Module agreement
source code
Implementations of inter-annotator agreement coefficients surveyed by Artstein
and Poesio (2007), Inter-Coder Agreement for Computational Linguistics.
An agreement coefficient calculates the amount that annotators agreed on label
assignments beyond what is expected by chance.
In defining the AnnotationTask class, we use naming conventions similar to the
paper's terminology. There are three types of objects in an annotation task:
the coders (variables "c" and "C")
the items to be annotated (variables "i" and "I")
the potential categories to be assigned (variables "k" and "K")

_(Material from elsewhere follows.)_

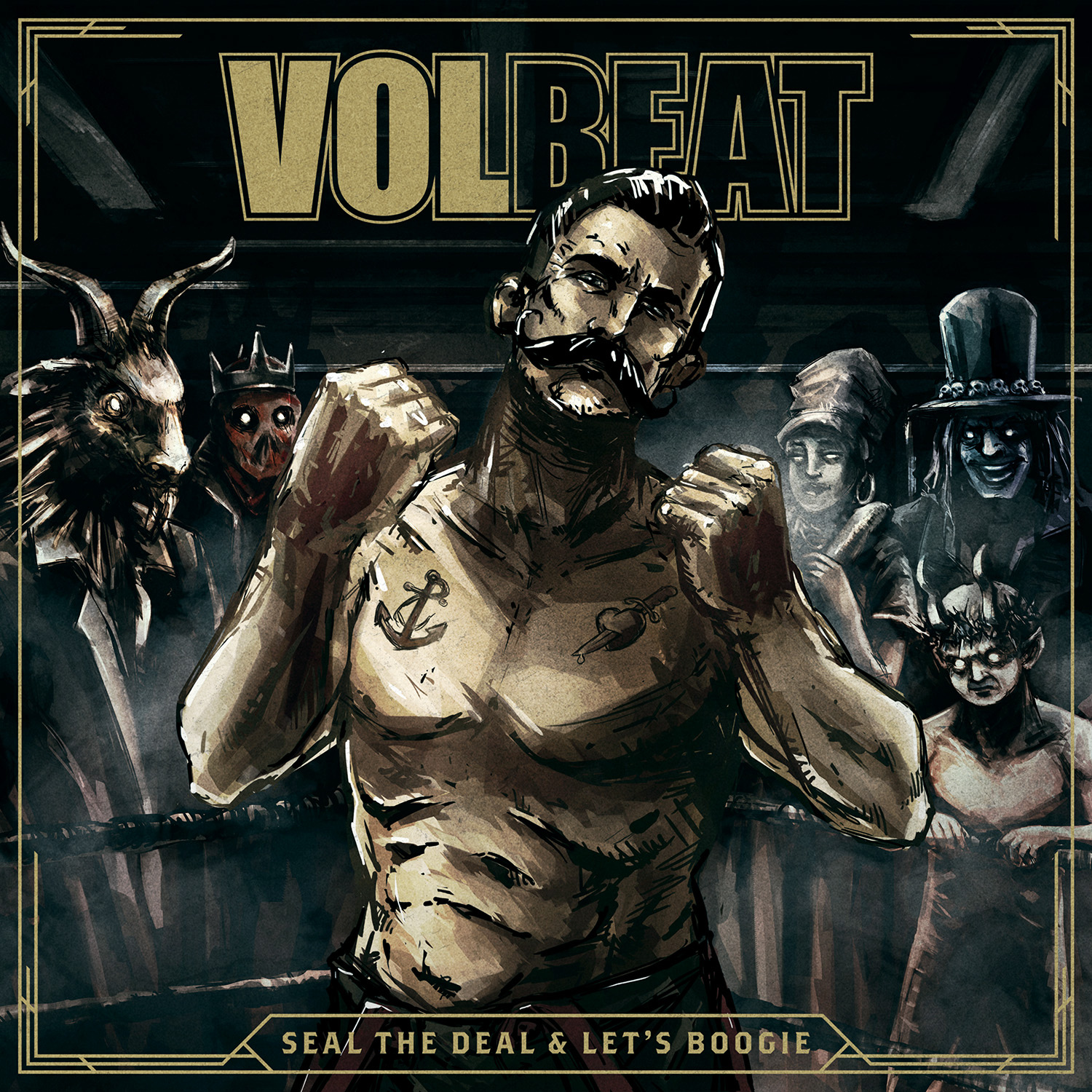 Volbeat | Music | Seal The Deal & Let's Boogie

Additionally, it is often the case that we don't want to treat two different
labels as complete disagreement, and so the AnnotationTask constructor can also
take a distance metric as a final argument. Distance metrics are simply
functions that take two arguments, and return a value between 0.0 and 1.0
indicating the distance between them. If not supplied, the default is binary
comparison between the arguments.
The simplest way to initialize an AnnotationTask is with a list of equal-length
lists, each containing a coder's assignments for all objects in the task:
task = AnnotationTask([],[],[])
Alpha (Krippendorff 1980)
Kappa (Cohen 1960)
S (Bennet, Albert and Goldstein 1954)
Pi (Scott 1955)
TODO: Describe handling of multiple coders and missing data
Expected results from the Artstein and Poesio survey paper:
>>> t = AnnotationTask(data=[x.split() for x in open("%sartstein_poesio_example.txt" % (__file__.replace("__init__.py", "")))])
>>> t.avg_Ao()
0.88
>>> t.pi()
0.7995322418977614
>>> t.S()
0.81999999999999984